D’après lui, il s’agit d’un principe coopératif : des différences trop
élevées de salaires seraient déraisonnables et non-équitables. Par contre,
cette règle des 3X aurait la vertu d'instaurer une forme de paix sociétale. Ces
dernières phrases constituent, à ses yeux, le signal qu’il veut lancer.
Baisser son salaire, est-ce
social ?
A nos yeux, deux questions demeurent toutefois : cette
attitude n’est-elle pas un piège social ? Est-elle acceptable en
démocratie ?
Le piège tout d’abord. Si l’on passe
le moment d’émotion habituellement suscité par les comparaisons
salariales et autres parachutes dorés, il reste la réalité de ce à quoi peut
servir l'exemple de cet homme politique et, surtout, à qui.

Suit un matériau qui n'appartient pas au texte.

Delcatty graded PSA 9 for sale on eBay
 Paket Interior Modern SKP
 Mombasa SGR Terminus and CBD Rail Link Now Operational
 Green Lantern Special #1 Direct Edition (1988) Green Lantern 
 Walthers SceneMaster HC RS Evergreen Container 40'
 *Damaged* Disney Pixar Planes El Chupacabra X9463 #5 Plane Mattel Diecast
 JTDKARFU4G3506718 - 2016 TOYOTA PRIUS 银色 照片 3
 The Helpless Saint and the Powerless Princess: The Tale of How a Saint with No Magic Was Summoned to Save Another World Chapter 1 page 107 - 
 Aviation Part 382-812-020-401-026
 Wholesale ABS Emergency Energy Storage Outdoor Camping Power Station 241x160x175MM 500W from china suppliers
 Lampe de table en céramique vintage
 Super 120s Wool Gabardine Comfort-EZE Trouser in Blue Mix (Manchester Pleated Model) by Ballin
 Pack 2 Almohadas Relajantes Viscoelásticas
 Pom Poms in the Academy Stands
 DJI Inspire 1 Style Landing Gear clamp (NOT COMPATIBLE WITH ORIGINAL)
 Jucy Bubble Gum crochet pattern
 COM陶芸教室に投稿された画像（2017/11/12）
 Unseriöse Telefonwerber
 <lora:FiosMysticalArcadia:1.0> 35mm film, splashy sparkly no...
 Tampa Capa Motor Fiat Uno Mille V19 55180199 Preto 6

Il n’est un secret pour personne que
l’employeur cherchera toujours à réduire la masse salariale et que tous les
tours sont bons pour y parvenir. Comment les employeurs percevront-ils le
signal lancé par cet élu politique ? Comme une invitation à diminuer
le salaire du patron ou comme un bel exemple à utiliser
contre ceux qui réclament une augmentation ?
Un déni démocratique
En démocratie, nous pensons que le
signal de cet homme politique est inquiétant. En effet, ce mandataire utilise
sa fonction pour moraliser la société, et, ce faisant, il affecte la neutralité
de l’Etat et, donc, trahit sa mission. En imposant à la société sa diminution
de salaire, il lui impose aussi sa vision du bien. Il se défend de donner des
leçons mais c'est pourtant bien ce qu'il fait…
Et cette confusion au parfum
anti-démocratique est le signal qui nous semble
véritablement crucial.
Soyons plus clairs. Cet homme
politique a-t-il le droit de verser 20 % de son salaire à une œuvre caritative?
Oui, c'est son argent et il peut choisir, en vertu de ce qu'il estime juste, de
privilégier telle ou telle association. A-t-il le droit de le proclamer sur la
place publique? Oui, c'est son argent, même si certains,
souvent inspirés de près ou de loin par le catholicisme,
affirmeront que les vrais dons s’opèrent dans le silence. En fonction de
l’organisme qu’il privilégiera, ou pas, les électeurs adapteront éventuellement
leur choix.
A-t-il le droit d'imposer à
l'administration qui dépend de lui de verser régulièrement un
don à une oeuvre caritative ? Non. Or que fait-il en
réorientant son salaire vers une autre ligne de budget ?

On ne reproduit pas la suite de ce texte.